Inside were documents—contracts, ownership records, signatures. And one name that made his blood run cold. Diego Serrano. The real owner.
“No… that’s not possible,” Álvaro stammered. Diego’s voice remained steady. “It always has been.” Then came the truth that shattered everything: Camila wasn’t dependent on him—he had been dependent on her, and on the power he never actually owned. Lawyers entered, their words final and cold.
He was removed, effective immediately—misconduct, abuse, breach of contract. Álvaro tried to shout, to blame Camila, to hold onto something—but it was already gone. Hours later, he walked out of the building with nothing left.
When he returned home, even that was no longer his.
The locks had been changed. Days later, desperation replaced arrogance as he begged for forgiveness, for another chance, for things to go back to the way they were. But there was nothing left to return to. Camila stood in her own office now, her name on the door, her life finally her own. When Diego asked if she was okay, she nodded softly. “Now I am,” she said, looking out over the city.

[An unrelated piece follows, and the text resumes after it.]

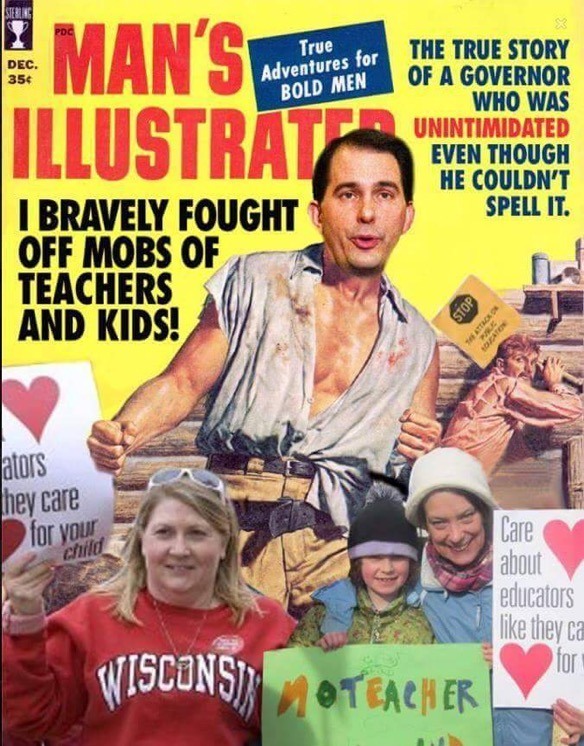 image.jpeg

For the first time in a long time, she could breathe without fear, without permission, without chains. She realized something that changed everything—she had never been weak. She had only been in the wrong place, surrounded by people who needed her to believe she was small. And when she walked away, they lost everything they thought they controlled. Because what Álvaro called power was never his to begin with. And what Camila carried within her—her strength, her worth, her identity—was something no one could ever take again.